This project is developed as part of the Data Engineering bootcamp at Artefact School of Data. It involves retrieving and processing data from multiple sources related to Paris transportation and weather. We implemented a data engineering flow using modern data stack principles:
- Google Cloud Platform (GCP) for infrastructure
- BigQuery for data storage and retrieval
- Apache Airflow for scheduling and orchestration of ETL (Extract, Transform, Load) processes.
- DBT (Data building Tool) core for data transformation using SQL
- Project Overview
- Data Sources
- Architecture
- Prerequisites
- Installation and Setup
- Airflow Configuration
- Running the Project
- Accessing Airflow
The goal of this project is to build a data pipeline that collects, processes, and stores data from the following sources:
- Metro Lines Perturbations: Data on metro line disruptions from the Plateforme Régionale d'Information pour la Mobilité (PRIM).

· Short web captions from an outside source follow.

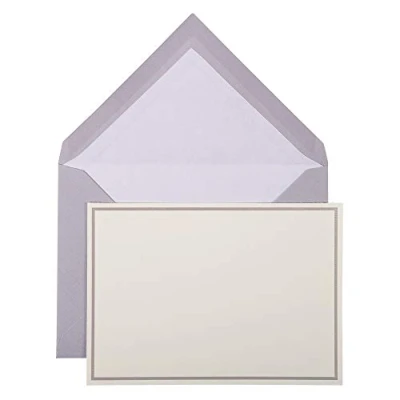 Image of Clairefontaine Ref 32628L G.Lalo Correspondence Writing Set Includes 10 x 10.7 15.2cm, 300gsm Cards + 11.4 16.2 Lined Gummed Envelopes Mouse Grey
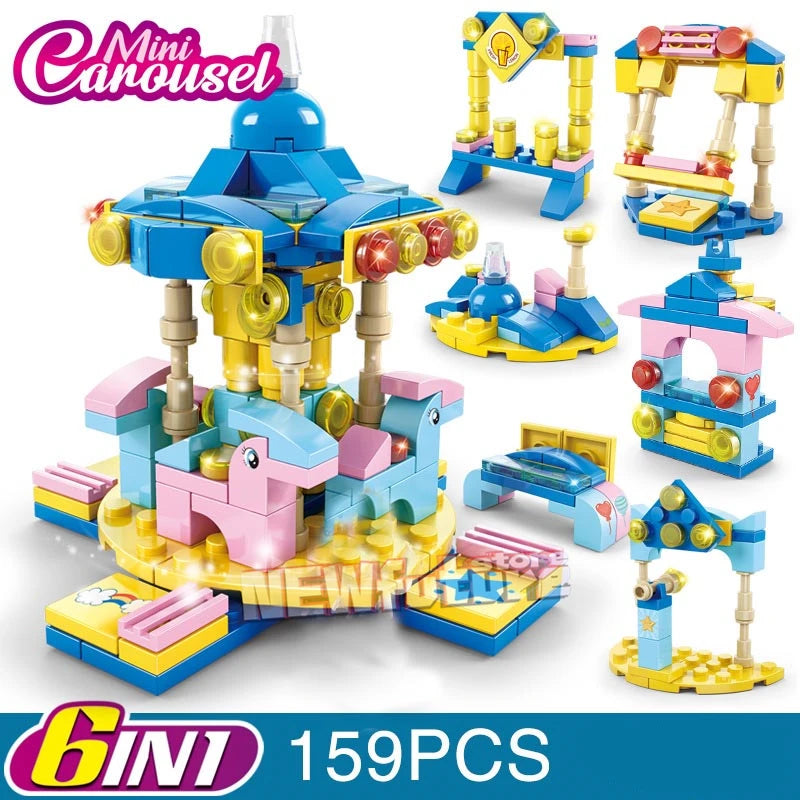 DIY Architecture Ice Cream Car Store Street View Food Building Blocks Kit Girls Bricks Classic Movie Model Kid Toys For Children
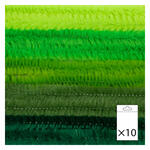 Chenilledraht / Pfeifenputzer / Biegeplüsch, 8mm x 50cm, 10 Stk., Mix Grüntöne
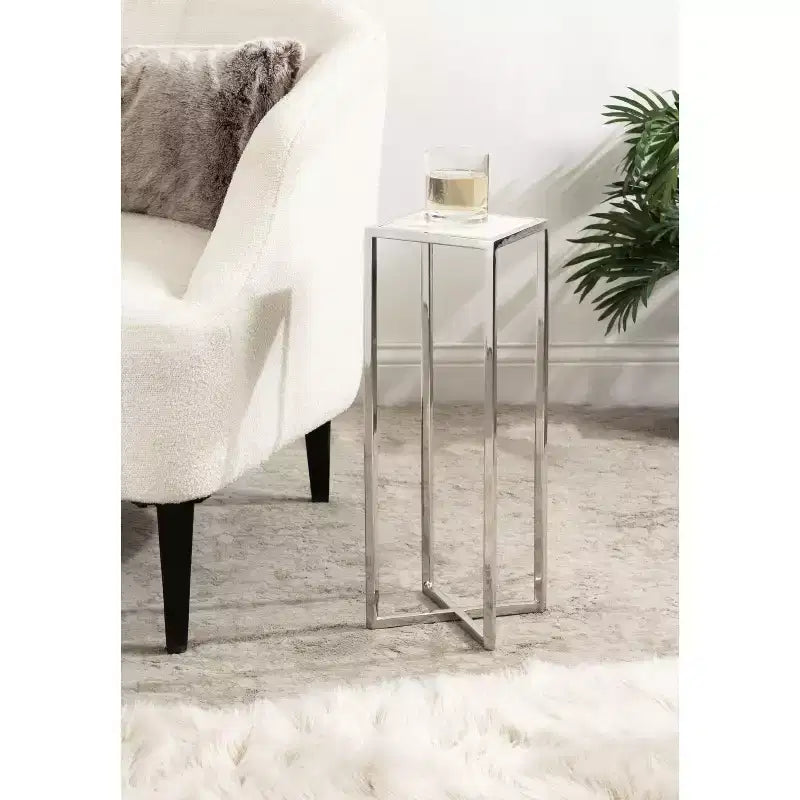 Tavolino da bibite in metallo dorato squadrato con piano in vetro e piedini in gomma, 17,8x17,8x53,3 cm, compatto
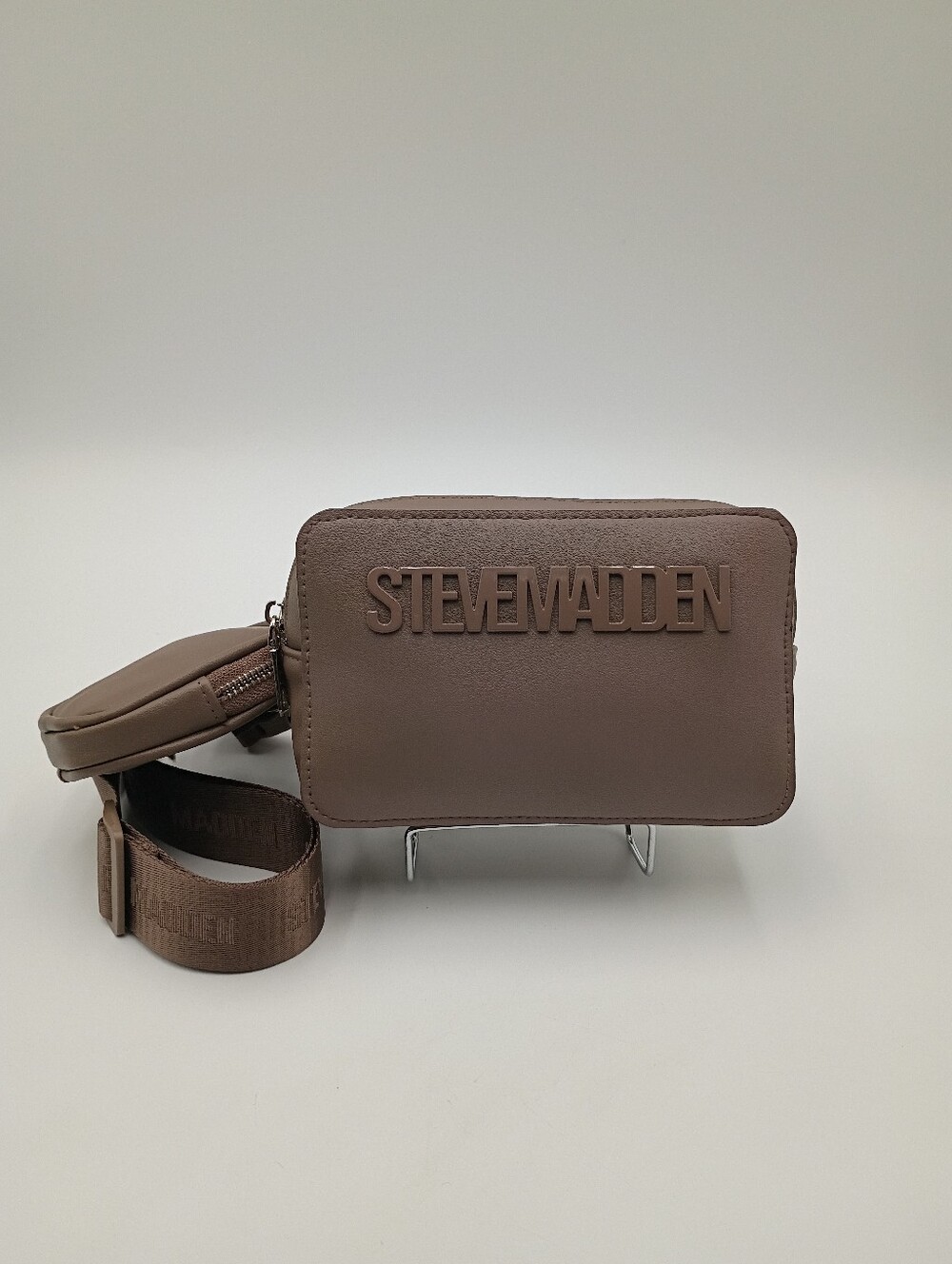 Steve Madden Crossbody/Belt Bag. W/ Earbuds, Coin, Lippie Holder. Taupe, NWT.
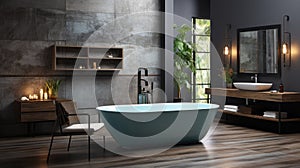 Generative ai illustration of Comfortable bathtub with vanity basin in modern interior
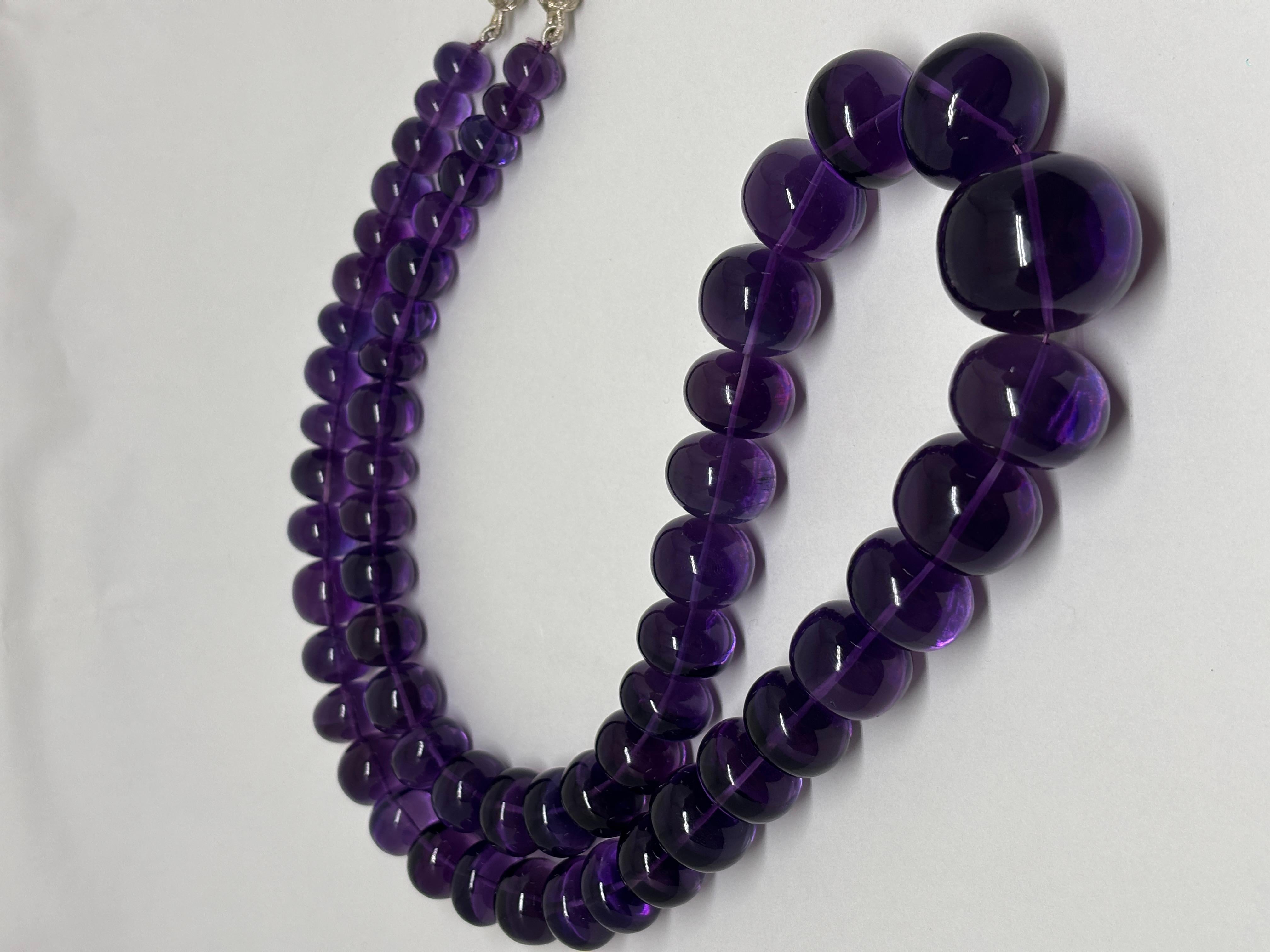 Contemporaneo Collana con perline di ametista Cts 1722 in vendita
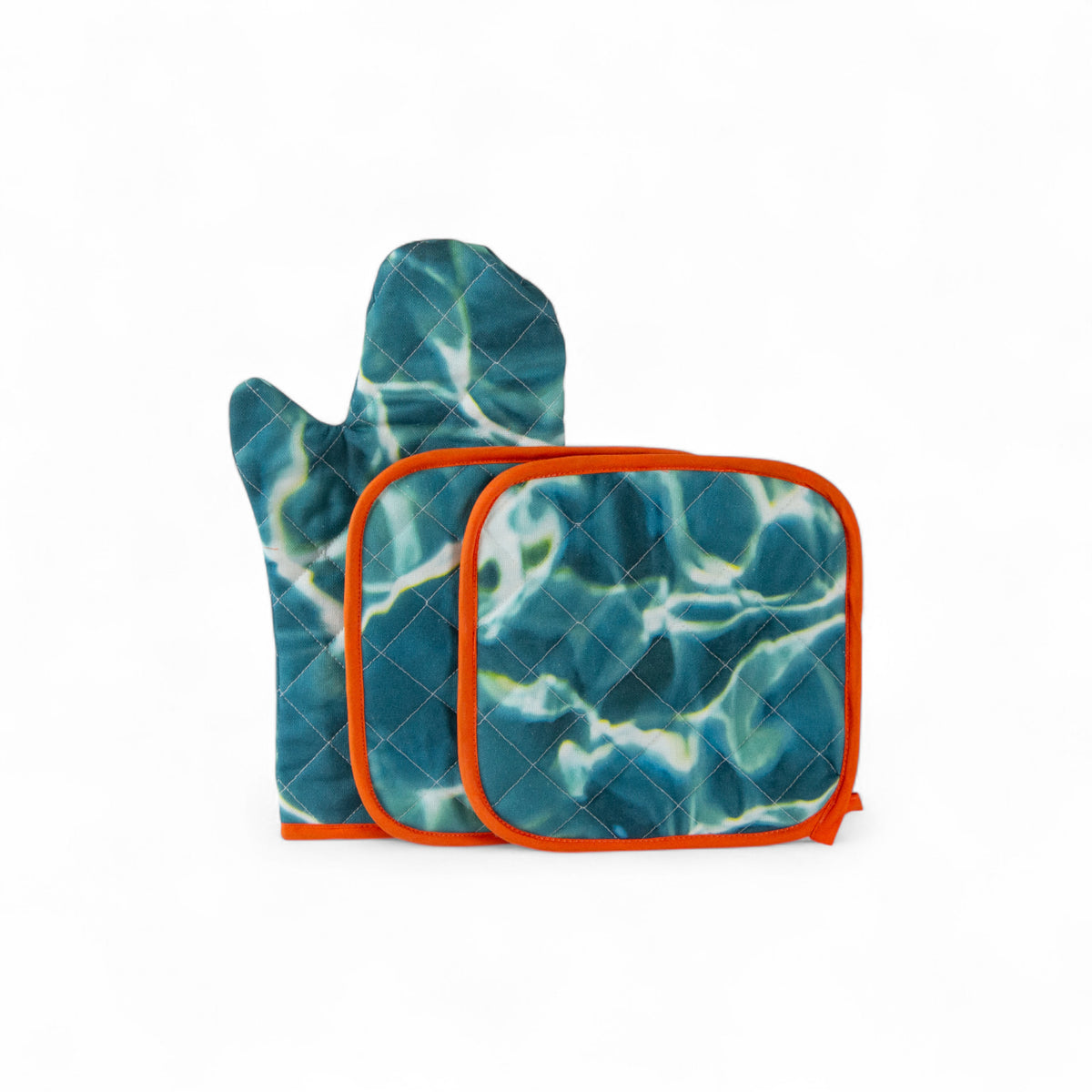 Set da cucina 3 pezzi: guanto da forno e presine - ACQUA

- Vélib' Stations: Real-time data of Vélib' (Paris public bike rental service) stations.
- Weather Conditions: Weather data from Météo France.
- PRIM API: Provides information on public transportation disruptions.
- Vélib' Open Data API: Offers real-time availability of bikes and stations.
- Météo France API: Supplies weather forecasts and conditions.
The project uses the following technologies and services:
- Google Cloud Platform (GCP): Hosts the infrastructure.
- Google Compute Engine: Runs the virtual machine for Airflow.
- Google BigQuery: Stores the processed data.
- Apache Airflow: Manages and orchestrates the ETL workflows.
- Pulumi: Infrastructure as code tool used for provisioning resources on GCP.
- Python: The primary programming language for the ETL processes.
- Python 3.10 or higher
- Google Cloud SDK installed and configured
- Pulumi CLI installed
- Git installed on your local machine
- Make utility installed
- Account on PRIM to obtain an API token
git clone https://github.com/your_username/your_repository.git
cd your_repository
pip install -r requirements.in
Go to the Google Cloud Console. Create a new project or use an existing one. Note down the Project ID.
At the root of the project, create a .env file (this file is not versioned):
echo "PROJECT_ID=your-gcp-project-id" > .env
Replace your-gcp-project-id with your actual GCP project ID.
Copy the infra/Pulumi.yaml.example
into infra/Pulumi.yaml
Open Pulumi.yaml and update the following fields:
config:
gcp:project: your-gcp-project-id
gcp:region: your-region
gcp:zone: your-zone
Replace your-gcp-project-id, your-region, and your-zone with your GCP project details.
make pulumi-install
Use the Makefile to deploy the infrastructure:
make infra-up
This command uses Pulumi to create all necessary resources on GCP.
SSH into the VM:
gcloud compute ssh your-vm-instance-name --project=your-gcp-project-id
Replace your-vm-instance-name with the name of your VM instance.
Run the Installation Script:
sudo /opt/install.sh
This script installs all software dependencies required on the VM.
Clone the Project Repository on the VM:
gh repo clone pierrealexandre78/de_project
git clone https://github.com/pierrealexandre78/de_project.git
cd your_repository
Copy Configuration Files:
cp /opt/gcp_config.json src/config/
cp airflow/.env_example airflow/.env
Install the ETL Module:
pip install -e .
Start Airflow:
make run_airflow
This command starts the Airflow web server and scheduler.
Airflow Web Interface:
Open your web browser and navigate to http://your-vm-external-ip:8080. Log in using the default credentials (if set) or your configured username and password.
Set Up Airflow Variables and Connections:
PRIM API Token: You'll need to create an account on PRIM to obtain an API token.
Log in to the Airflow web interface.
Navigate to Admin > Variables.
Add a new variable:
Key: PRIM_API_KEY Value: Your PRIM API TOKEN
PRIM API Account: Don't forget to create an account on PRIM and obtain your API token. This is essential for accessing the metro lines perturbation data. API Keys and Tokens: Keep your API keys and tokens secure. Do not commit them to version control. Environment Files: The .env files should not be versioned (.gitignore them) to prevent sensitive data from being exposed.